--- SOURCE MATERIAL Enclosed Below ---

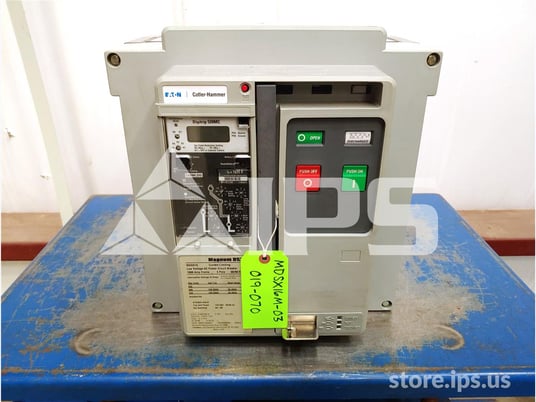 1600 Amps Ch Mdsx163wea16cmnmnn6ynnnax Mo/do (mdsx16) Digitrip 520mc Lsig, 1600 Amps Ct, 1600 Amps Rp, Bell - Image 1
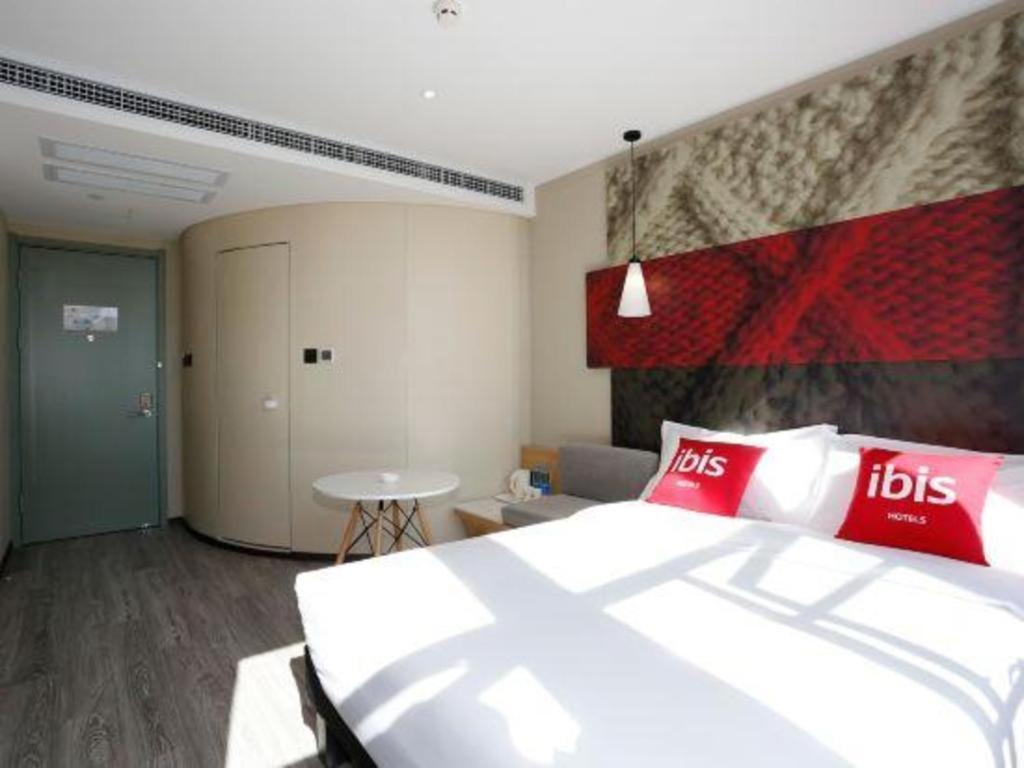 Ibis Kunming Beijing Rd Hotel Eksteriør billede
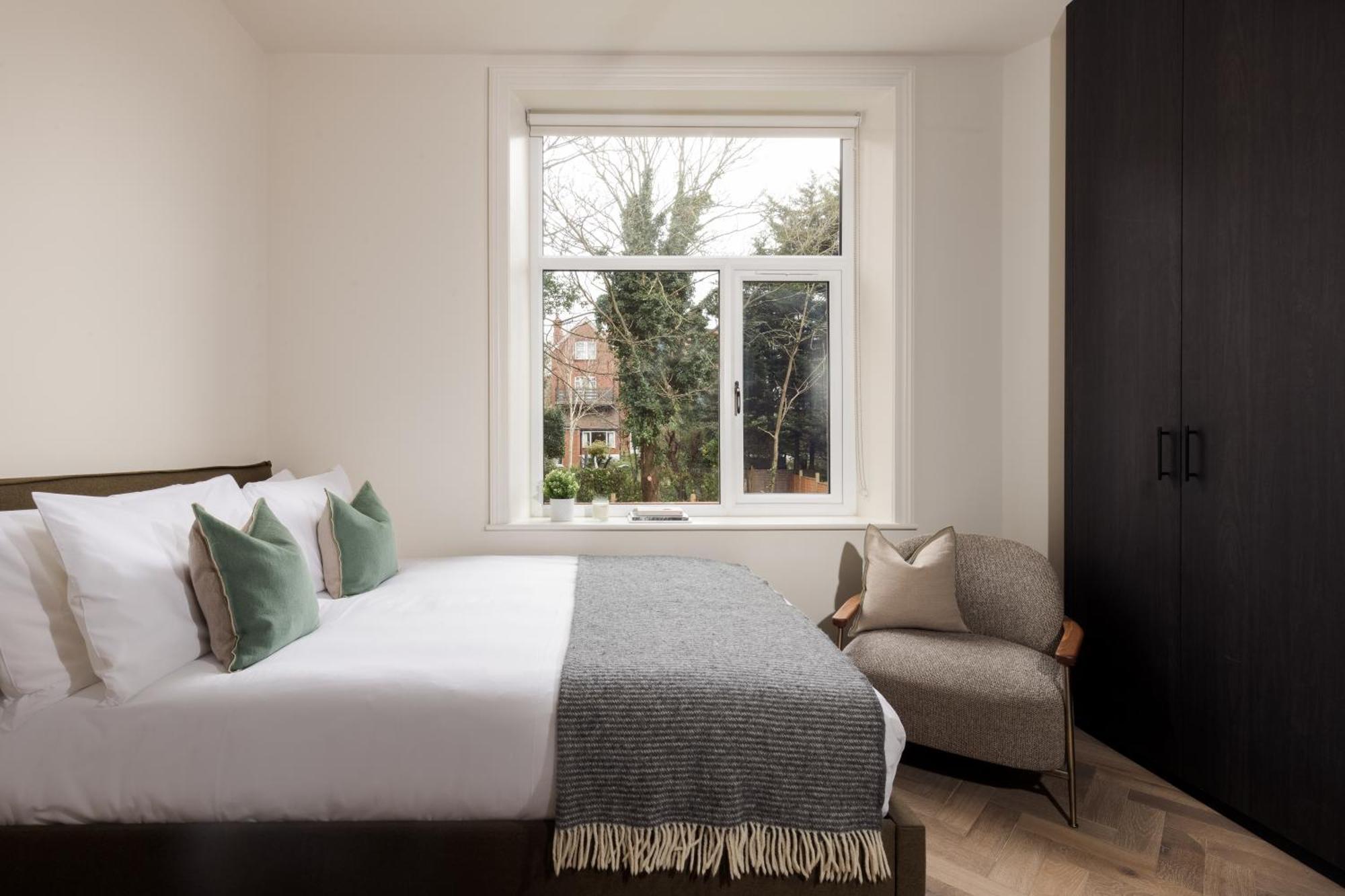 Fivem West Hampstead - North Londres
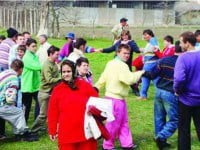 Sasca Mică – cel mai mare centru de neuropsihici din România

--- End of Enclosed SOURCE MATERIAL ---

§ **WORK INSTRUCTIONS**: Output the data above exactly. Drop every picture.

§ **TASK ANSWER**:
 1600 Amps Ch Mdsx163wea16cmnmnn6ynnnax Mo/do (mdsx16) Digitrip 520mc Lsig, 1600 Amps Ct, 1600 Amps Rp, Bell - Image 1
 Ibis Kunming Beijing Rd Hotel Eksteriør billede
 Fivem West Hampstead - North Londres
 Sasca Mică – cel mai mare centru de neuropsihici din România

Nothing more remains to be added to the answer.